Directors are, or have been, high-level executives within their companies. They are not used to being the least knowledgeable person in the room on any topic. However, as a group, they are often not cybersecurity experts. The field of cybersecurity moves so swiftly that even experts in the field can be left behind. Directors should ask simple – but searching – questions such as:

  • What is the cloud, and what are the security implications? If our cloud is hacked, who bears liability?
  • What is the dark web? Why is it called that? What information is on it? Is our data on the dark web? How would we know?
  • What is a bug bounty, and why might we consider it?
  • What is encryption at rest, and what does it guard against? Why can’t we encrypt everything?
  • What is the issue with ransomware? What if we just paid the hackers?

Directors are loath to show their ignorance of cybersecurity. The board must expect (or demand) an educational component at every briefing. This topic may be something recent in the news (such as SQL injection), it may be something that aligns with the company strategy (like cloud everywhere or mobile everywhere), or it may be something exciting and sexy (perhaps the dark web). The board is entitled to a thoughtful and gentle explanation of the topic, the implications for the company and what the cybersecurity organization is doing to address these implications.

Indicators of Operational Efficacy

The board should ensure that the CSO is not communicating metrics that are too technical, do not have a correlation to risk, do not have a correlation to business value or are not controllable. Indicators of operational efficacy must be aligned with the risks identified in the company risk assessment. For example, a key risk might be exposure to attacks from publicly exposed websites. A key mitigation strategy would be a vulnerability management program. Metrics would be the number of systems scanned, the coverage across the enterprise, the number of open high-risk vulnerabilities and the average time to remediate a high-risk vulnerability. Boards should question CSOs keenly about their choice of metrics to make sure the metrics are:

  • Specific.
  • Controllable.
  • Actionable.
  • Directly correlated to risk and business performance. 
  • Straightforward to measure and have little ambiguity.
  • Comparable, either to best practices or to industry benchmarks.
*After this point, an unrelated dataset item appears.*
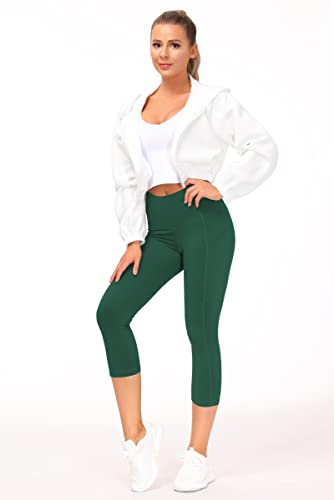 Image of THE GYM PEOPLE Thick High Waist Capris Yoga Pants with Pockets, Tummy Control Workout Running Yoga Leggings for Women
As an example, the three biggest risks for a corporation may be its external web footprint, phishing and social engineering, and third-party vendor management. Appropriate metrics would be:

  • Coverage and visibility of external web footprint, high-risk vulnerabilities on external web footprint and mean time to remediate a high-risk vulnerability.
  • Results from phishing simulations of employees.
  • Percentage of high/medium/low-risk vendors who have completed risk assessments.

Indicators of Strategic Direction

Directors not only should want to know that immediate cybersecurity threats are being addressed efficiently, but also should expect assurance that leadership is looking ahead of the curve. Cybersecurity is a fast-moving field. What is ultramodern today will be obsolete tomorrow. The same logic applies to threats. While some threats are universal and long-lived (such as social engineering), others come and go quickly. The board should expect a measured, strategic, forward-looking direction of progress. The CSO might, for example, extrapolate risk assessment results to position cybersecurity strategy toward a three-year plan to implement multifactor authentication for all employees. 

Or the CSO might provide a strategic direction for logging and monitoring, which focuses on quicker risk detection and mitigation:

  • Today, year 0. Manual logging and monitoring
  • Year 1. Automated monitoring with alerting
  • Year 2. Orchestration of mitigation activities to include automatic blocking of alerted traffic
  • Year 3. Integration of threat intelligence feeds into monitoring and orchestration framework

The board should lack confidence in management if the company’s strategic direction is inconsistent with the risk assessment, does not improve poorly performing program metrics or does not look to improve known incident trends.

Aurobindo Sundaram is head of information assurance & data protection at RELX.